説明

化合物半導体装置及びその製造方法

【課題】電流コラプスを抑制しながら、高いドレイン電流を得ることができる化合物半導体装置及びその製造方法を提供する。
【解決手段】化合物半導体積層構造2と、化合物半導体積層構造2上方に形成されたソース電極5s、ドレイン電極5d及びゲート電極5gと、が設けられている。更に、ソース電極5sとゲート電極5gとの間の化合物半導体積層構造2上に形成され、シリコンを含む第1の保護膜6と、ドレイン電極5dとゲート電極5gと間の化合物半導体積層構造2上に形成され、第1の保護膜6より多くシリコンを含む第2の保護膜7と、が設けられている。

【発明の詳細な説明】
【技術分野】
【0001】
本発明は、化合物半導体装置及びその製造方法等に関する。
【背景技術】
【0002】
近年、化合物半導体装置、特にGaN系化合物半導体を主な材料とした高電子移動度トランジスタ(HEMT:high electron mobility transistor)の高出力高周波用デバイスへの適用について検討がなされている。GaN系化合物半導体を主な材料としたHEMT(以下、GaN系HEMTともいう)では、表面に、電気的な特性及び化学的な特性の安定のために、例えばプラズマ化学気相成長(CVD:chemical vapor deposition)法によりシリコン窒化膜が形成されている。GaN系HEMTの表面には電流コラプスとよばれる電流変動を引き起こすトラップが多く存在しており、シリコン窒化膜はこのようなトラップの不活性化に効果的である。
【0003】
しかしながら、このような構造の従来のGaN系HEMTでは、高いドレイン電流を得ることが困難である。
【先行技術文献】
【特許文献】
【0004】
【特許文献1】特開2008−205392号公報
【発明の概要】
【発明が解決しようとする課題】
【0005】
本発明の目的は、電流コラプスを抑制しながら、高いドレイン電流を得ることができる化合物半導体装置及びその製造方法を提供することにある。
【課題を解決するための手段】
【0006】
化合物半導体装置の一態様には、化合物半導体積層構造と、前記化合物半導体積層構造上方に形成されたソース電極、ドレイン電極及びゲート電極と、が設けられている。更に、前記ソース電極と前記ゲート電極との間の前記化合物半導体積層構造上に形成され、シリコンを含む第1の保護膜と、前記ドレイン電極と前記ゲート電極と間の前記化合物半導体積層構造上に形成され、前記第1の保護膜より多くシリコンを含む第2の保護膜と、が設けられている。
【0007】
化合物半導体装置の製造方法の一態様では、化合物半導体積層構造上方に、ソース電極、ドレイン電極及びゲート電極を形成し、その後、前記ソース電極と前記ゲート電極との間の前記化合物半導体積層構造上に、シリコンを含む第1の保護膜を形成し、前記ドレイン電極と前記ゲート電極と間の前記化合物半導体積層構造上に、前記第1の保護膜より多くシリコンを含む第2の保護膜を形成する。
【発明の効果】
【0008】
上記の化合物半導体装置等によれば、第1の保護膜及び第2の保護膜の協働作用により電流コラプスを抑制しながら、高いドレイン電流を得ることができる。
【図面の簡単な説明】
【0009】
【図1A】第1の実施形態に係るGaN系HEMTの構造を示す断面図である。
【図1B】第1の実施形態に係るGaN系HEMTのレイアウトを示す図である。
【図2A】第1の実施形態に係るGaN系HEMTを製造する方法を示す断面図である。
【図2B】図2Aに引き続き、第1の実施形態に係るGaN系HEMTを製造する方法を示す断面図である。

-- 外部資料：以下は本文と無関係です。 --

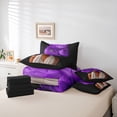 thumbnail image 6 of Homewish Purple Flower 7pcs Bedding Comforter Set For Teens Female,Black Girl Queen Bedding Sets Super Cozy,Dreamy Princess Queen Sheet Sets,Ultra Soft Home Decor,Reversible, 6 of 8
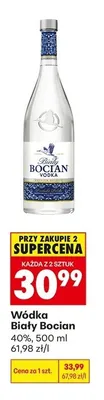Wódka Biały Bocian promocja w Biedronka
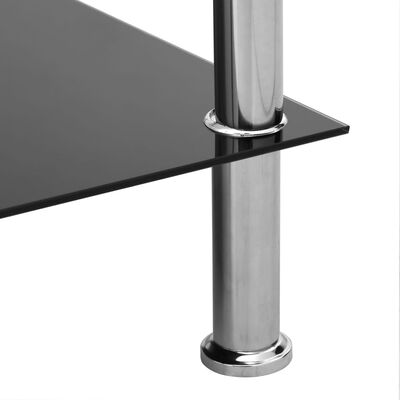 vidaXL Bočný stôl priehľadný 45x50x45 cm tvrdené sklo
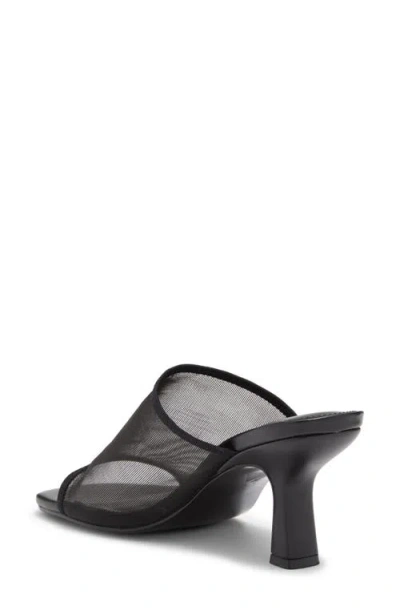 Steve Madden Gleam Mesh Sandal In Black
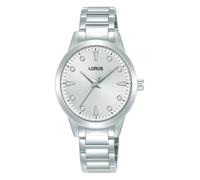 Lorus quarz silberfarbenem damen uhr mit weißem zifferblatt und edelstahl armband one_size Silber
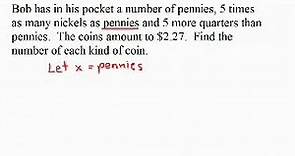 Grade 9 Algebra Word Problems (video lessons, examples, solutions)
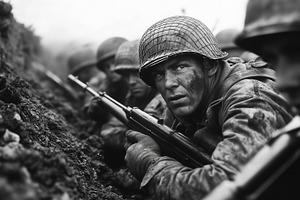 World War II soldiers in combat gear, a Person Photo by MistyDay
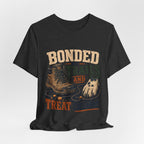 "Bonded By Trails And Treat Crumbs" Dog Lover T-Shirt — Hiking Dog Graphic Tee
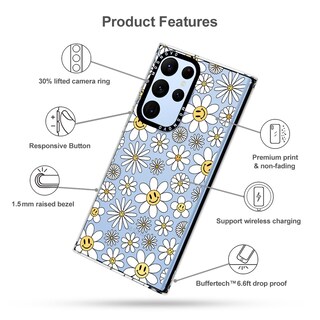 Foto 6 | Funda De Teléfono Mosnovo Para Samsung Galaxy S22 Ultra Happy Daisy - Venta Internacional.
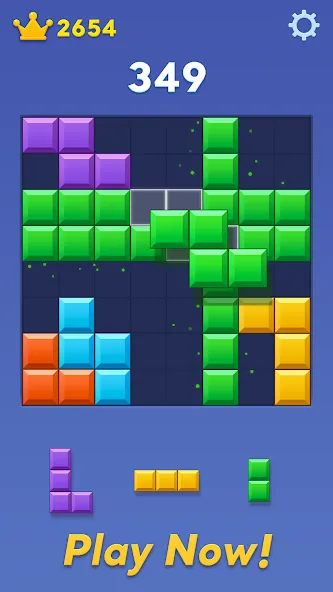 Block Blast! (Блок Бласт) МОД/Взлом [Бесконечные деньги, Монеты и Мега MOD] Screenshot 5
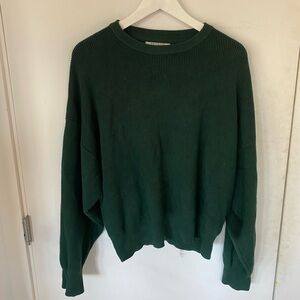 Brunette The Label Forest Green Knit Top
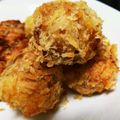 akilondon's cooksnap of when they made ソース不要のさつま芋コロッケ.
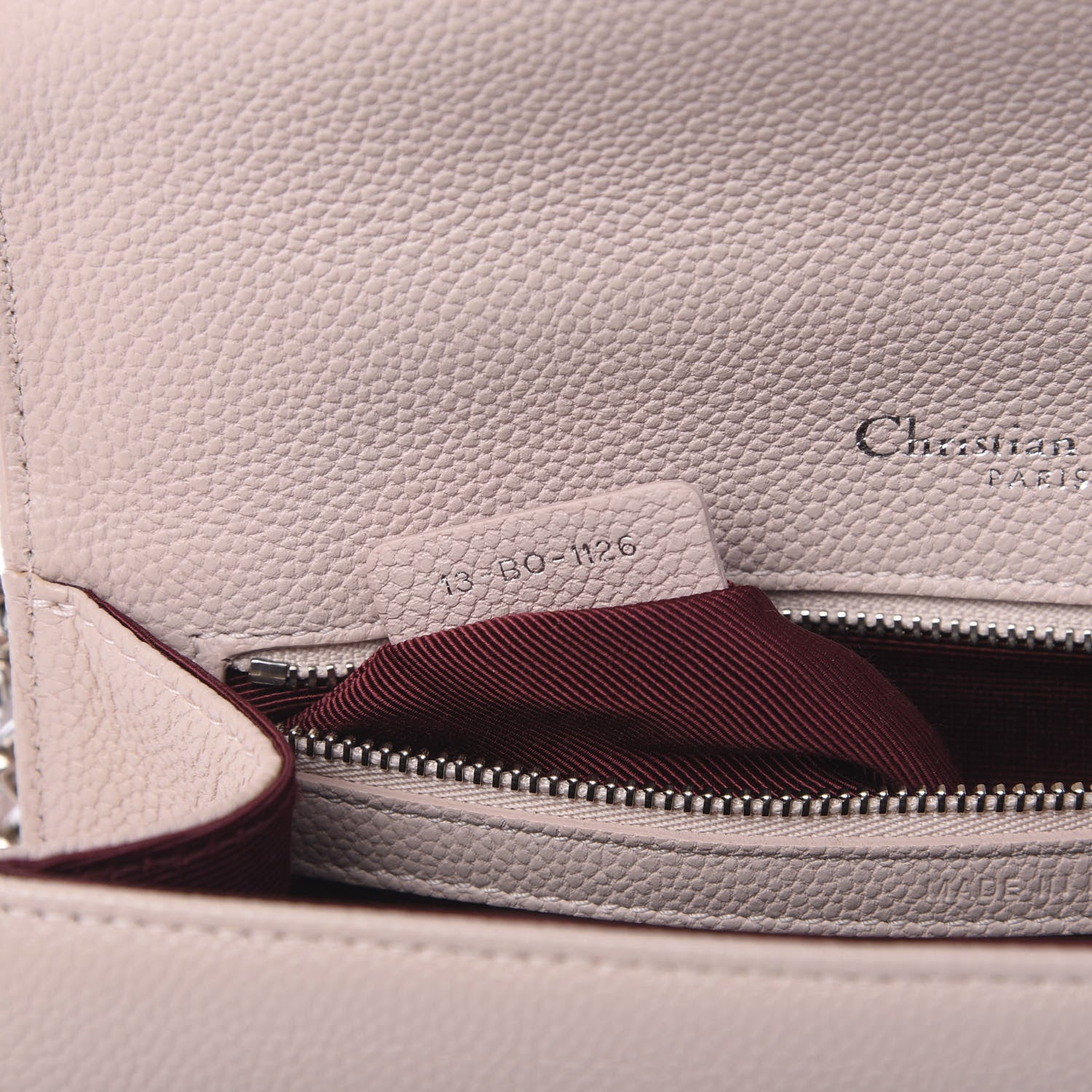 Christian Dior Grained Calfskin Cannage Small Diorama Flap Bag Rose Poudre 6 of 9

【図2C】図2Bに引き続き、第1の実施形態に係るGaN系HEMTを製造する方法を示す断面図である。
【図2D】図2Cに引き続き、第1の実施形態に係るGaN系HEMTを製造する方法を示す断面図である。
【図2E】図2Dに引き続き、第1の実施形態に係るGaN系HEMTを製造する方法を示す断面図である。

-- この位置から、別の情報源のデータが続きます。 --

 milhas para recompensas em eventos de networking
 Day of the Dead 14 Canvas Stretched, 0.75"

【図2F】図2Eに引き続き、第1の実施形態に係るGaN系HEMTを製造する方法を示す断面図である。
【図2G】図2Fに引き続き、第1の実施形態に係るGaN系HEMTを製造する方法を示す断面図である。
【図2H】図2Gに引き続き、第1の実施形態に係るGaN系HEMTを製造する方法を示す断面図である。
【図2I】図2Hに引き続き、第1の実施形態に係るGaN系HEMTを製造する方法を示す断面図である。
【図2J】図2Iに引き続き、第1の実施形態に係るGaN系HEMTを製造する方法を示す断面図である。
【図2K】図2Jに引き続き、第1の実施形態に係るGaN系HEMTを製造する方法を示す断面図である。
【図2L】図2Kに引き続き、第1の実施形態に係るGaN系HEMTを製造する方法を示す断面図である。
【図2M】図2Lに引き続き、第1の実施形態に係るGaN系HEMTを製造する方法を示す断面図である。
【図2N】図2Mに引き続き、第1の実施形態に係るGaN系HEMTを製造する方法を示す断面図である。
【図2O】図2Nに引き続き、第1の実施形態に係るGaN系HEMTを製造する方法を示す断面図である。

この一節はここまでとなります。